WHAT TO WORK ON -> Below are entries with pictures among them; reproduce exactly, and only, the lines from the one containing "Snowstorm Warrior in Comic Book Style" down to the one containing "Funda Silicona Ultrafina", without the pictures.
*** Opening of INPUT MATERIAL ***
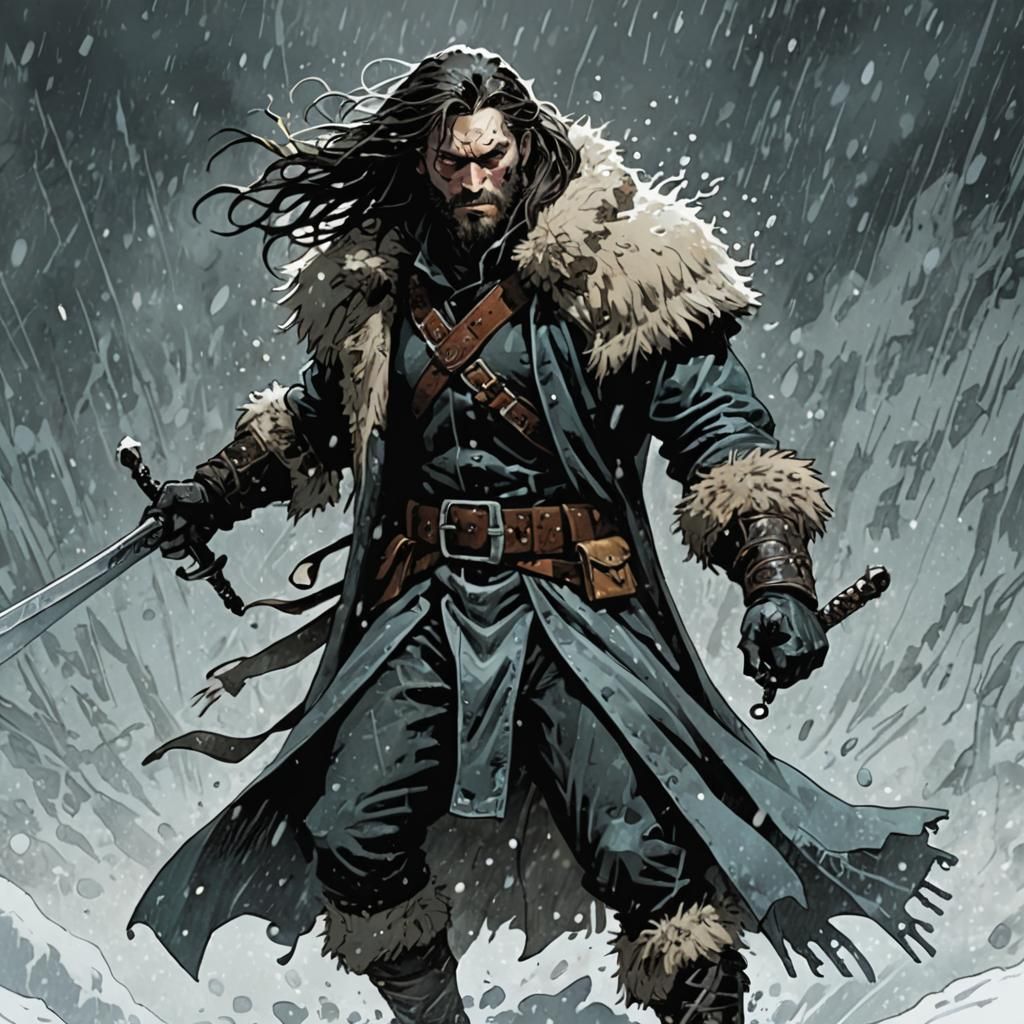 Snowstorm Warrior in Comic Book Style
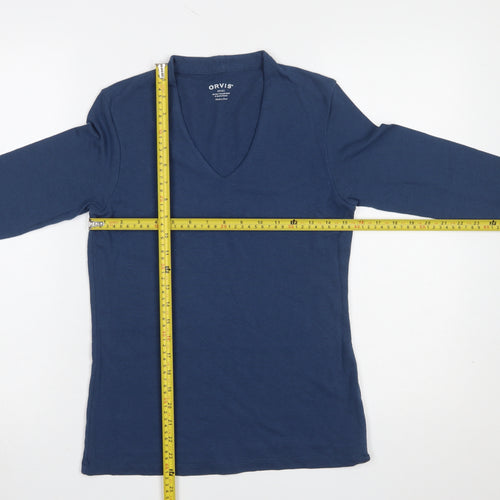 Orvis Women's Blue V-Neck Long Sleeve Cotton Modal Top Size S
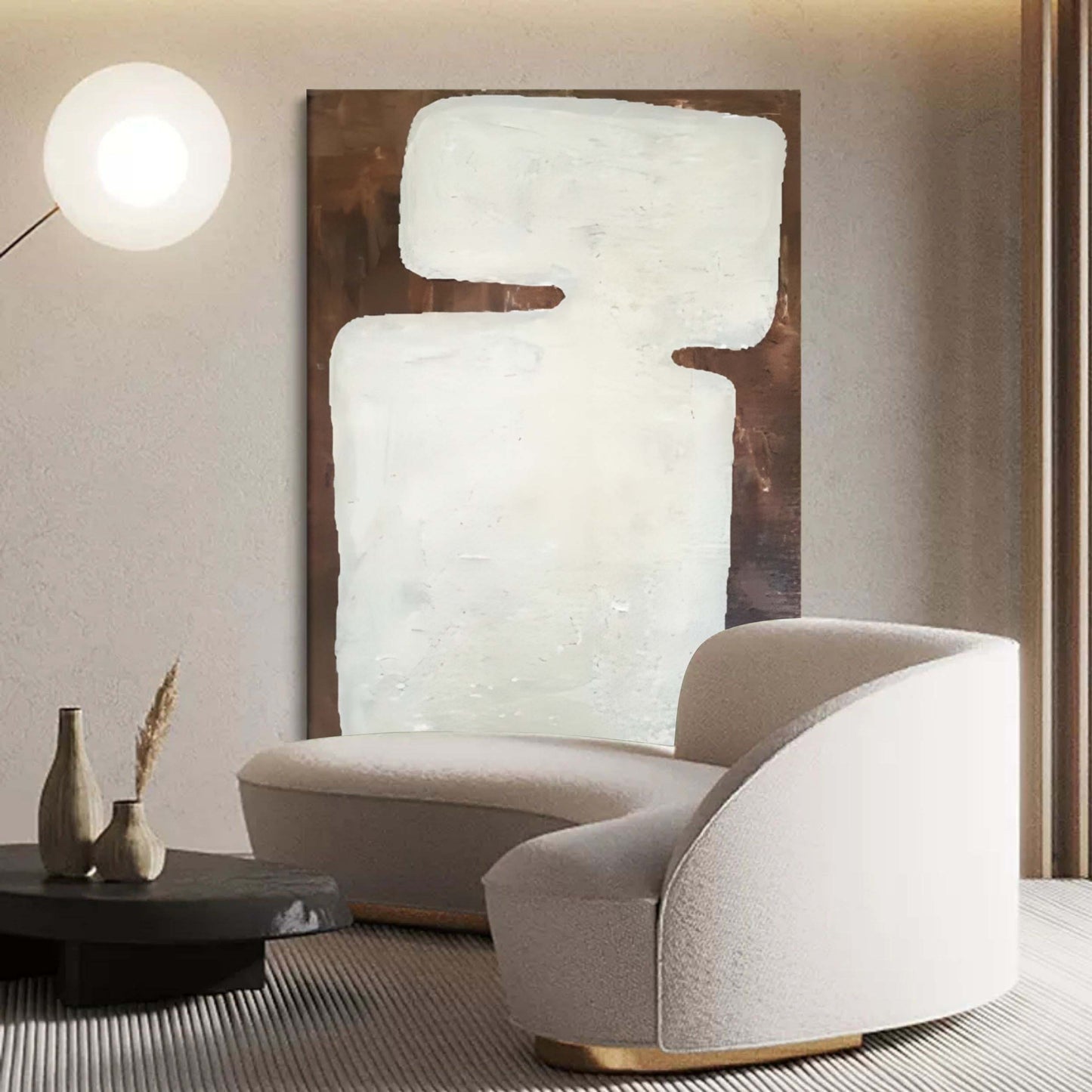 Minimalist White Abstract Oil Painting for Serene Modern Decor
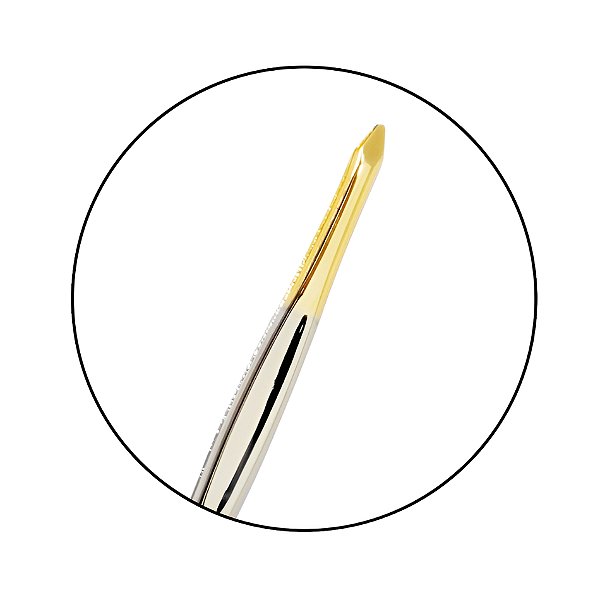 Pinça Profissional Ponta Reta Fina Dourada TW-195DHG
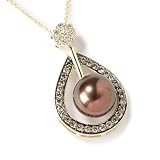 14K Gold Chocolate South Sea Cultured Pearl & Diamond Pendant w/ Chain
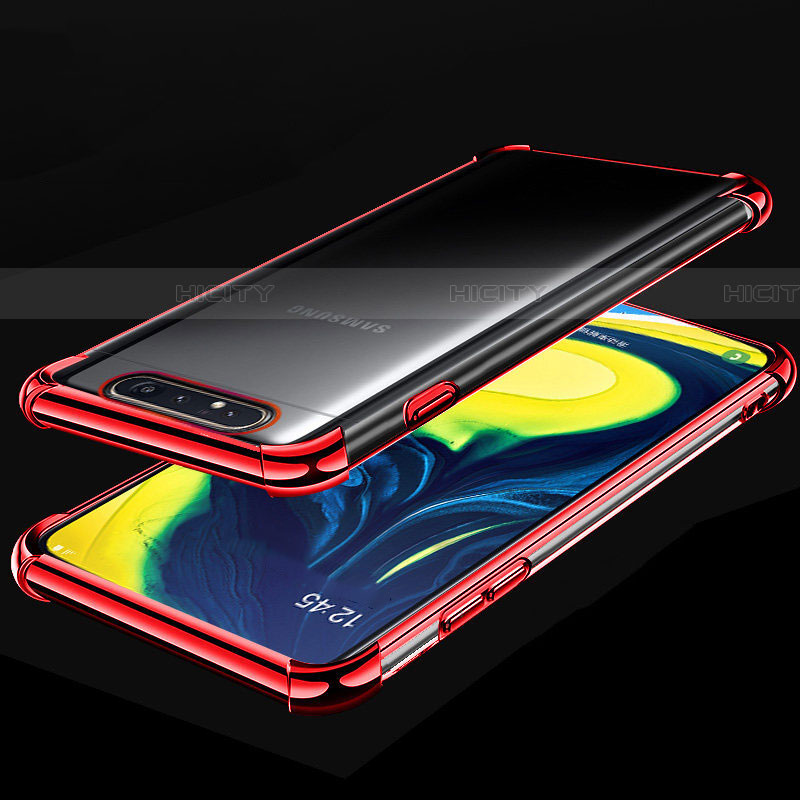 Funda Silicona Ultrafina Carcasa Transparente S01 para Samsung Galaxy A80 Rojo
*** Close of INPUT MATERIAL ***
*** Opening of INPUT MATERIAL ***
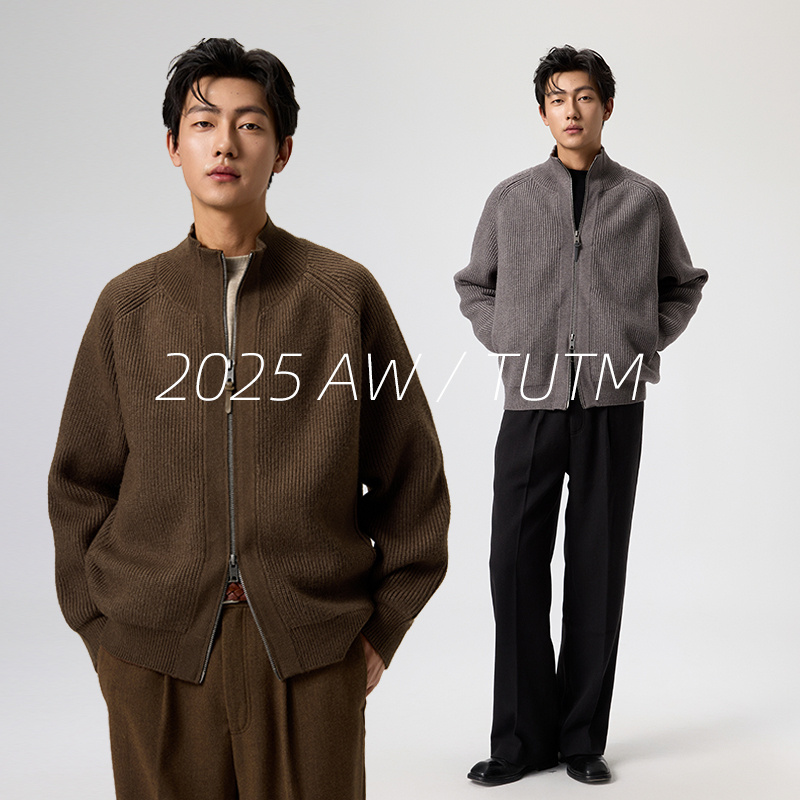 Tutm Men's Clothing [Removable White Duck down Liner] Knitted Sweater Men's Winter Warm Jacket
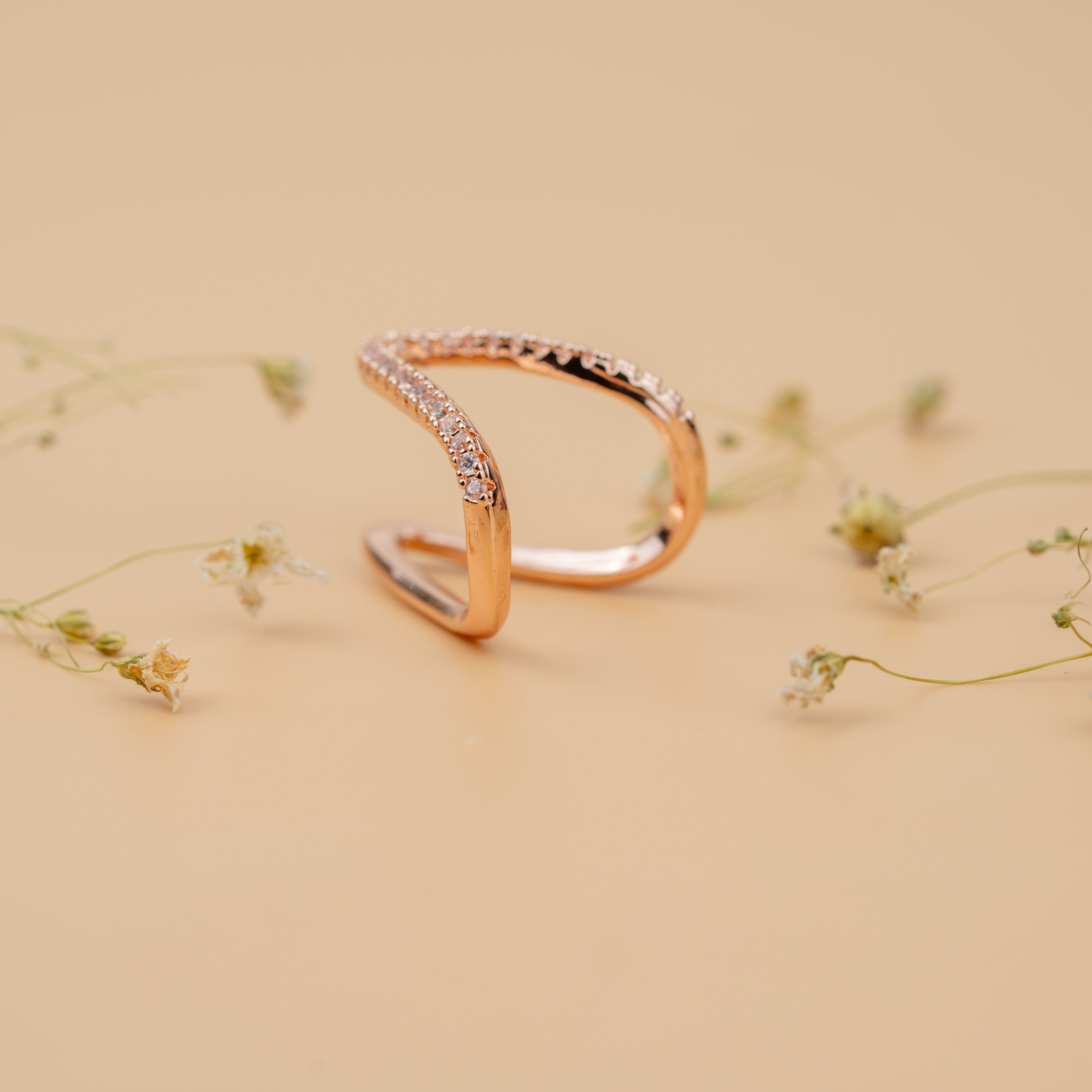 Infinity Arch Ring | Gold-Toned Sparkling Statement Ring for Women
*** Close of INPUT MATERIAL ***
*** Opening of INPUT MATERIAL ***
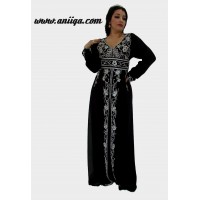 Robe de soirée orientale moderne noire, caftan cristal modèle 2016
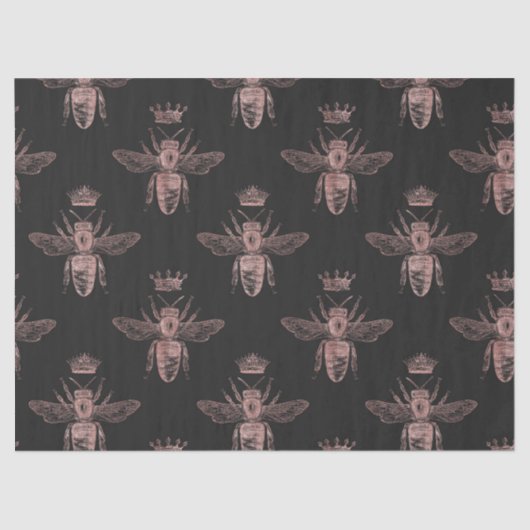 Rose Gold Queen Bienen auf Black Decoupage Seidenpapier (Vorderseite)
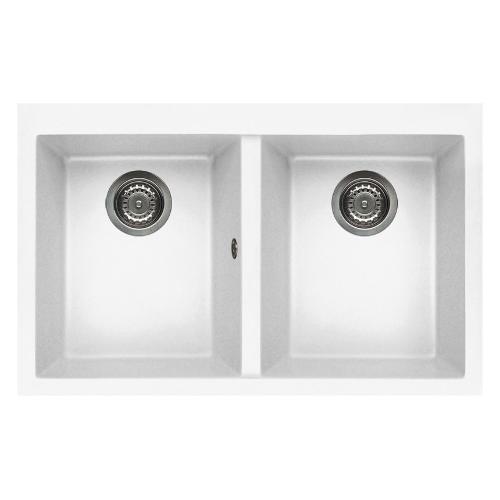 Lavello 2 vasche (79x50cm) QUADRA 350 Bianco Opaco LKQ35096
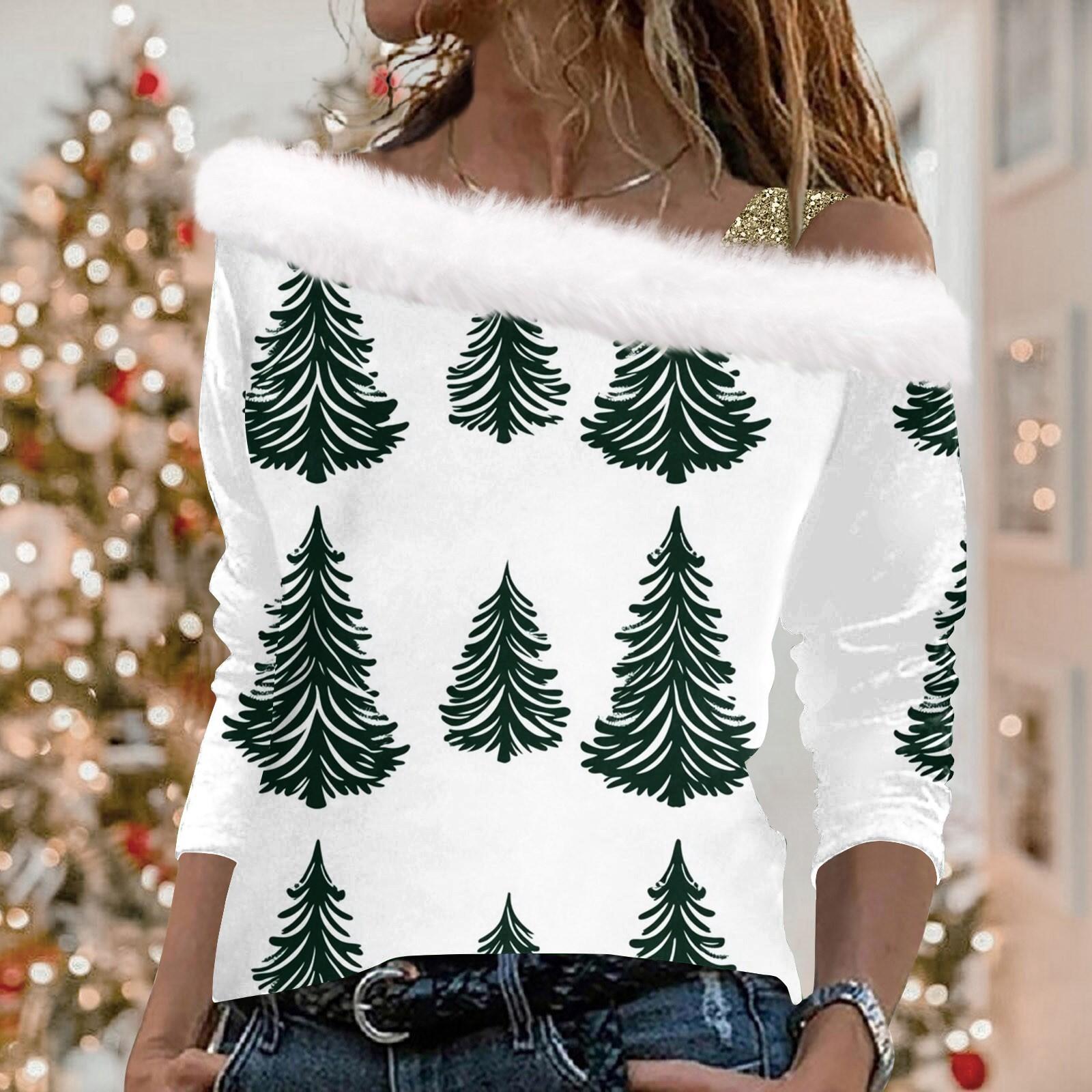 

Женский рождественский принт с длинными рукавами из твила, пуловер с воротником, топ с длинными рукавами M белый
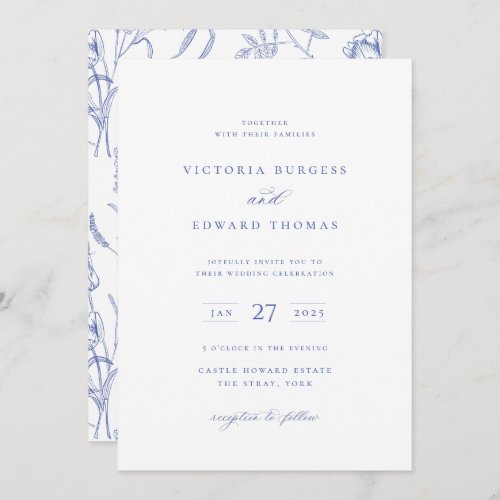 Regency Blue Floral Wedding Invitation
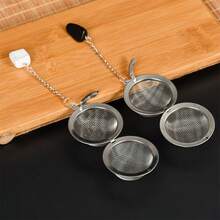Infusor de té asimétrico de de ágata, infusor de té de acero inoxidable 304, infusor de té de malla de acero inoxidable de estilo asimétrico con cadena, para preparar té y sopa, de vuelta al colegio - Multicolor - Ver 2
*** Close of INPUT MATERIAL ***
SOLUTION TO THIS EXERCISE ->
 Snowstorm Warrior in Comic Book Style
 Orvis Women's Blue V-Neck Long Sleeve Cotton Modal Top Size S
 Minimalist White Abstract Oil Painting for Serene Modern Decor
 Pinça Profissional Ponta Reta Fina Dourada TW-195DHG
 14K Gold Chocolate South Sea Cultured Pearl & Diamond Pendant w/ Chain
 Funda Silicona Ultrafina Carcasa Transparente S01 para Samsung Galaxy A80 Rojo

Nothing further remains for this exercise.